» Supplied information:
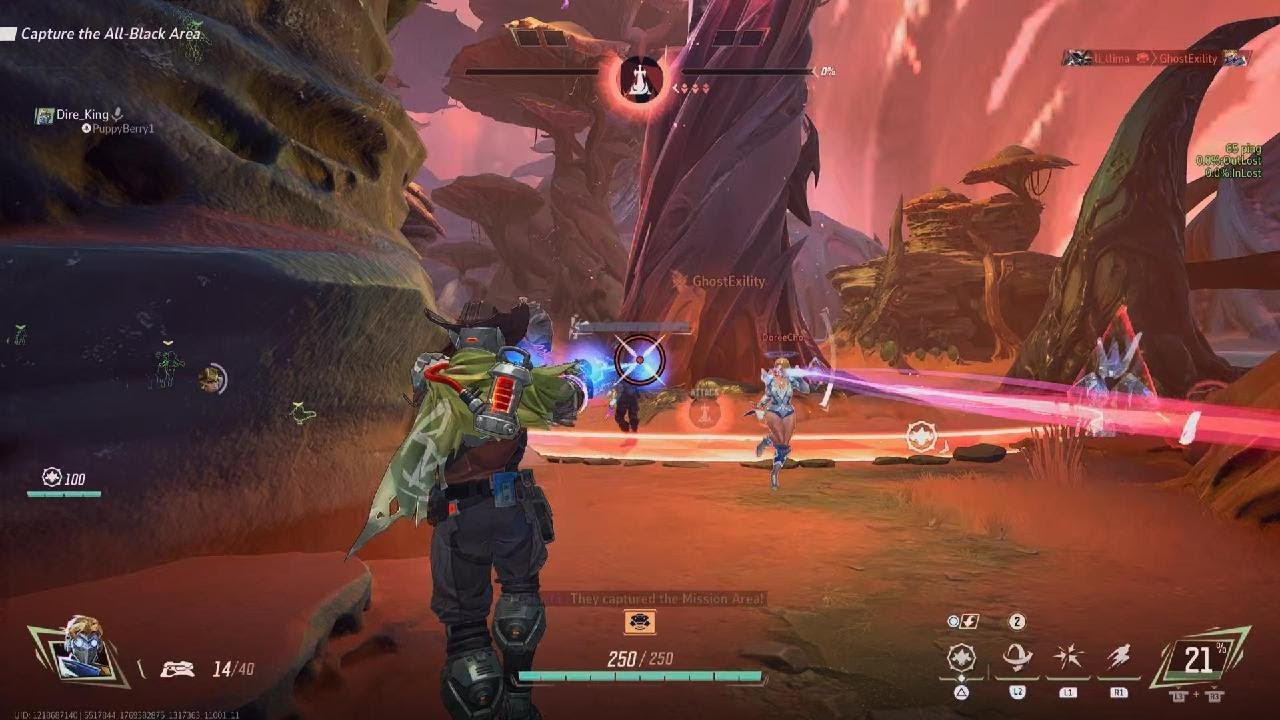 Marvel Rivals Star Lord gameplay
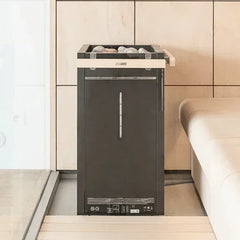 Harvia Virta Combi 9.0kW 240V 1PH Stainless Steel Sauna Heater - Green Vista Living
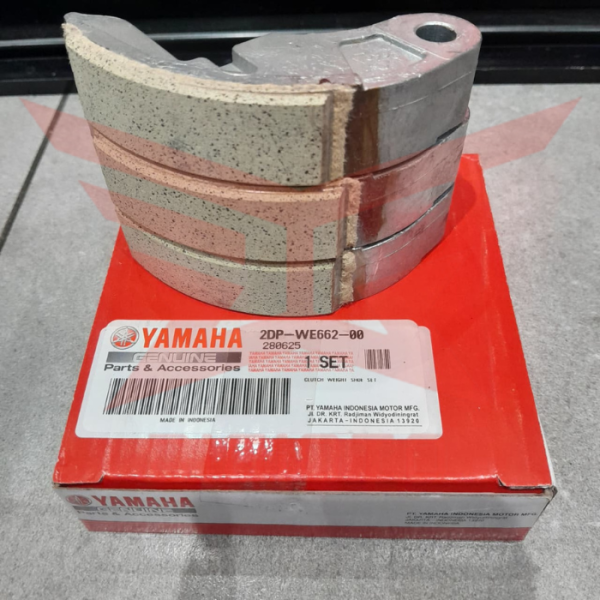 Kampas Ganda Yamaha Nmax Old 2DP Original 2DP-WE662-00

» What the task asks:
Set the preceding data down again word for word, omitting images.

» Expected output:
 Marvel Rivals Star Lord gameplay
 Harvia Virta Combi 9.0kW 240V 1PH Stainless Steel Sauna Heater - Green Vista Living
 Kampas Ganda Yamaha Nmax Old 2DP Original 2DP-WE662-00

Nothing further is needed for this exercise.